Caption-style text data
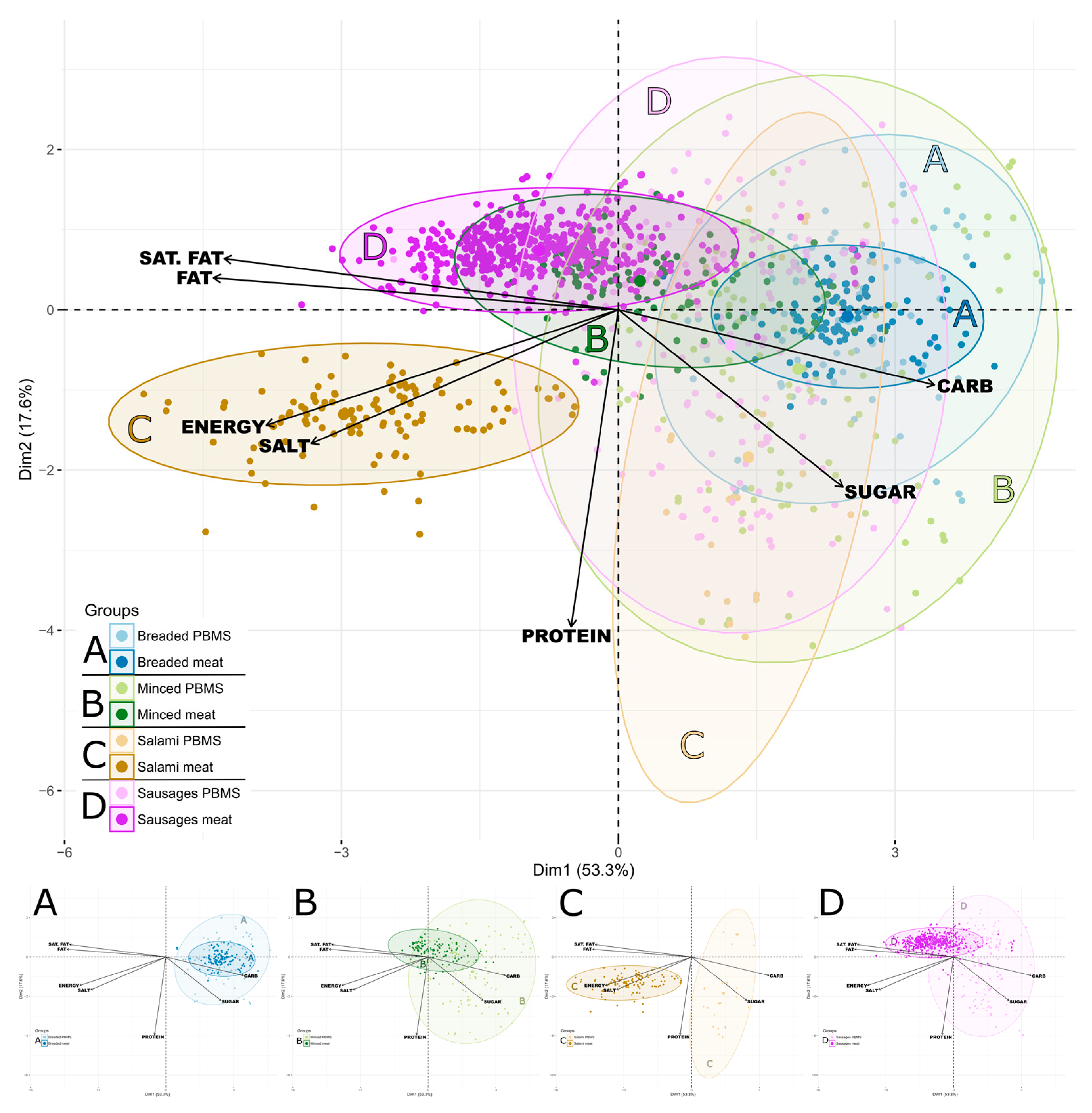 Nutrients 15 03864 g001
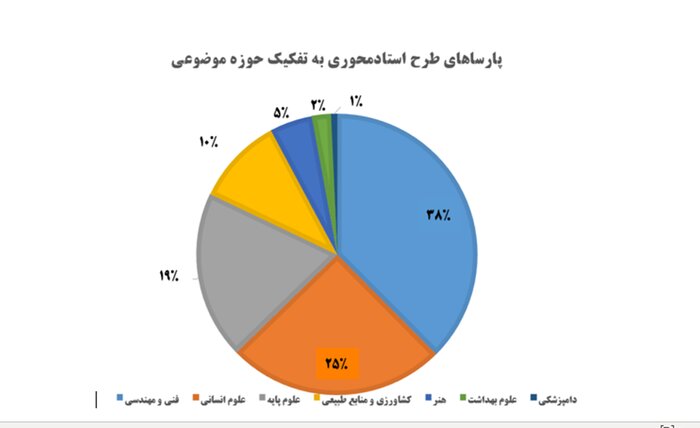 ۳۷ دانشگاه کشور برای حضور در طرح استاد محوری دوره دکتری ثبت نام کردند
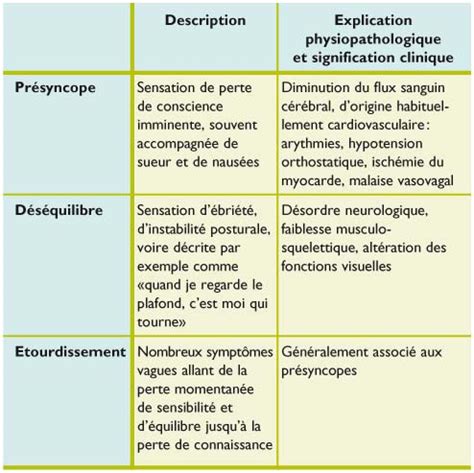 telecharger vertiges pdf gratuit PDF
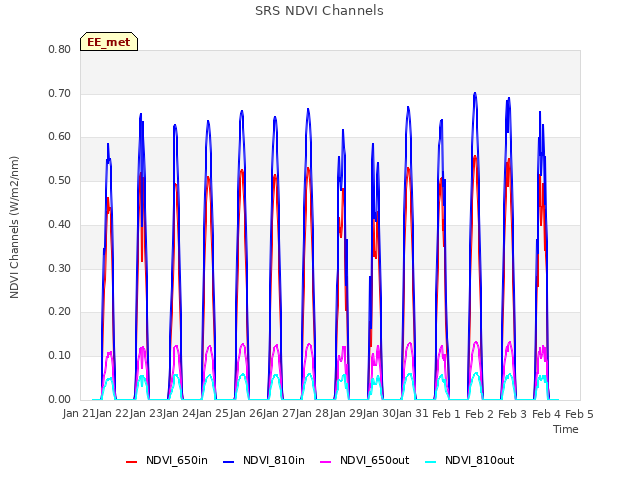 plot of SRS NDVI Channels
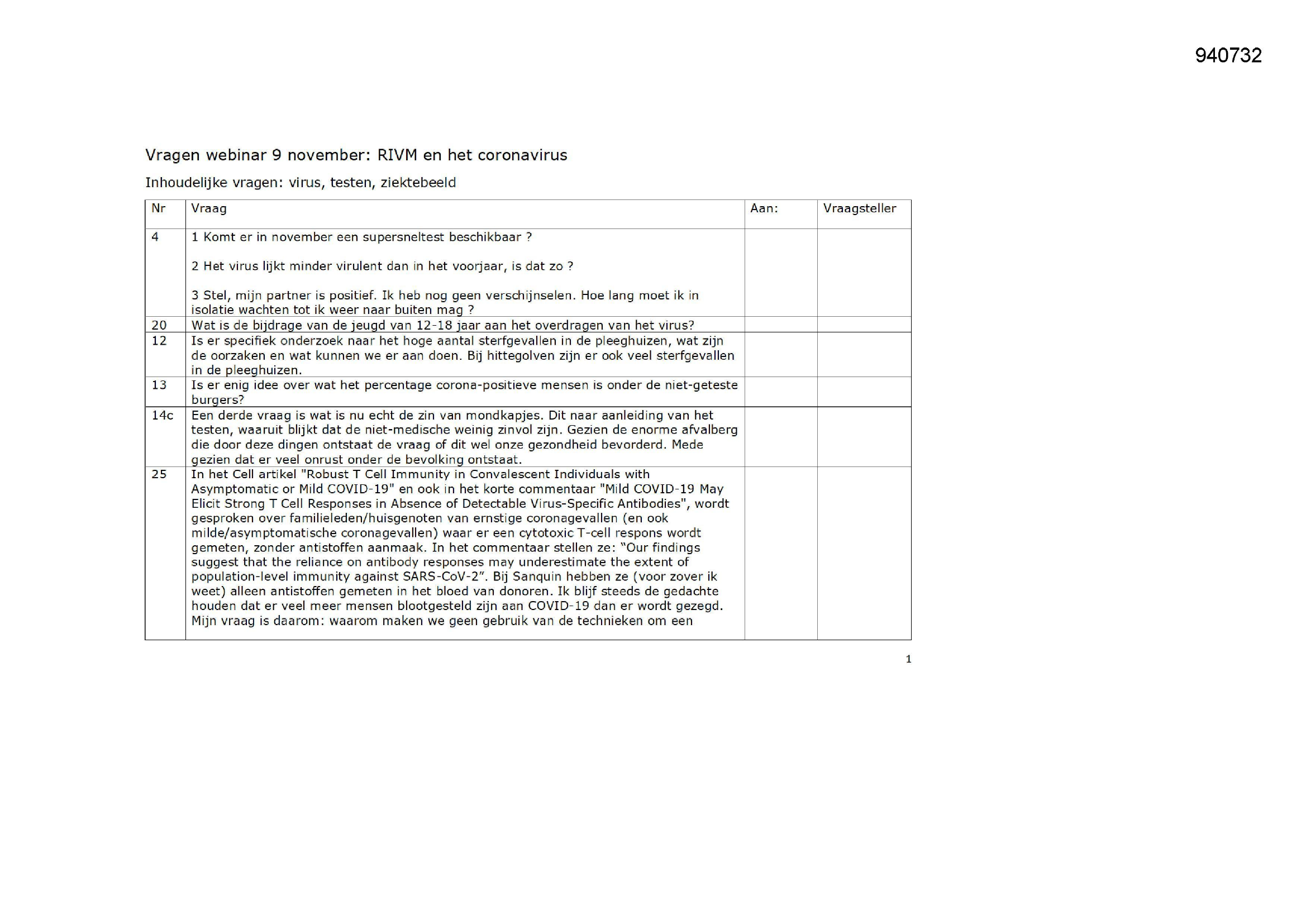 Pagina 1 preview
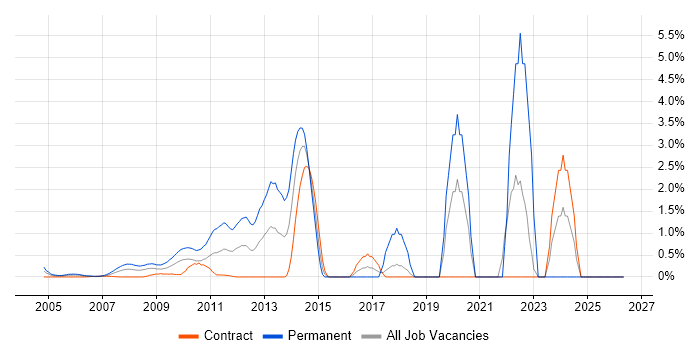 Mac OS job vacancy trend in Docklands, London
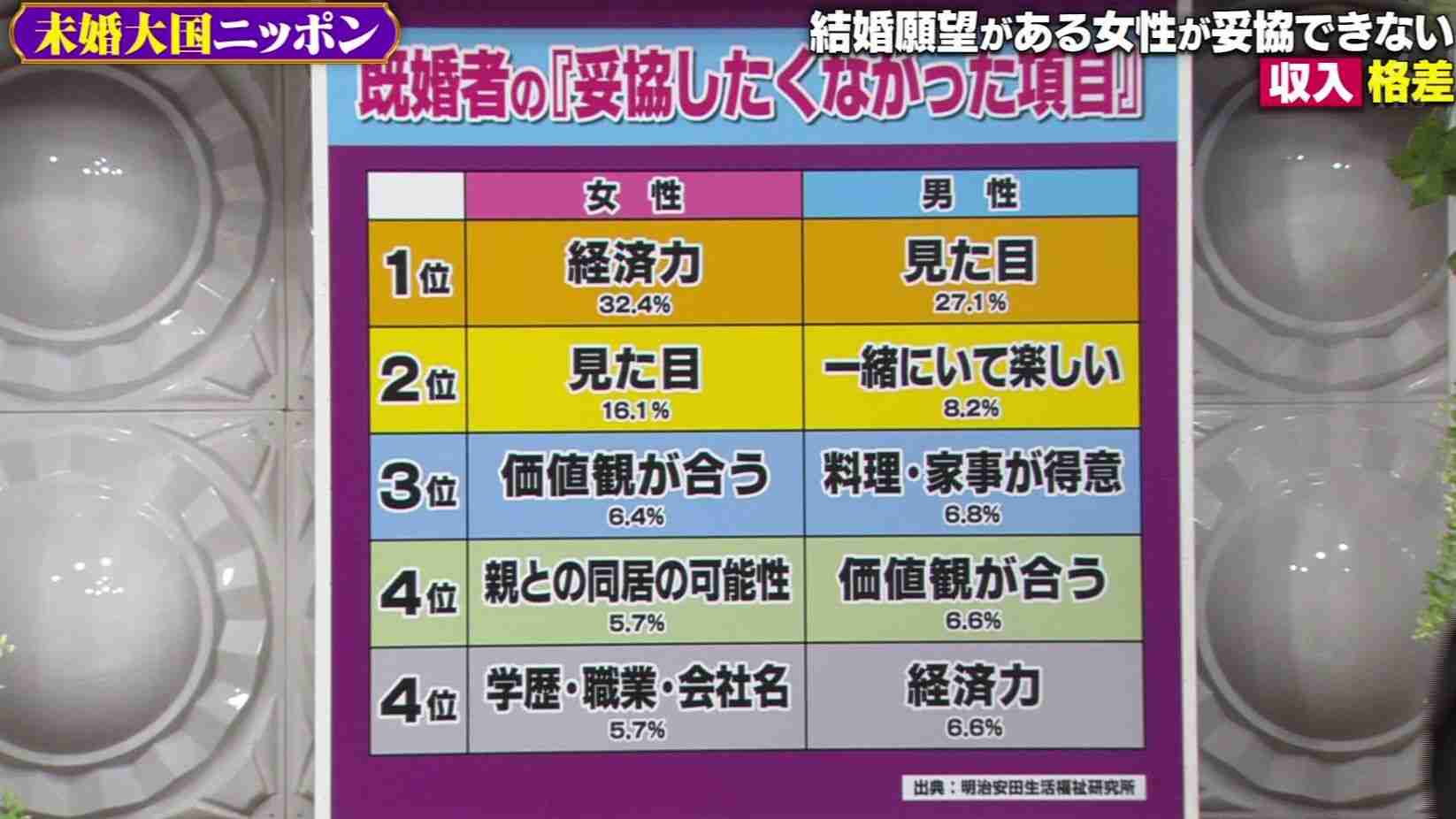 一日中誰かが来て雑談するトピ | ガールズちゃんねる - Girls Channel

[The task]:
Copy out the records above in full, exactly as written, but not the pictures.

[Answer below]:
 Nutrients 15 03864 g001
 ۳۷ دانشگاه کشور برای حضور در طرح استاد محوری دوره دکتری ثبت نام کردند
 telecharger vertiges pdf gratuit PDF
 plot of SRS NDVI Channels
 Pagina 1 preview
 Mac OS job vacancy trend in Docklands, London
 一日中誰かが来て雑談するトピ | ガールズちゃんねる - Girls Channel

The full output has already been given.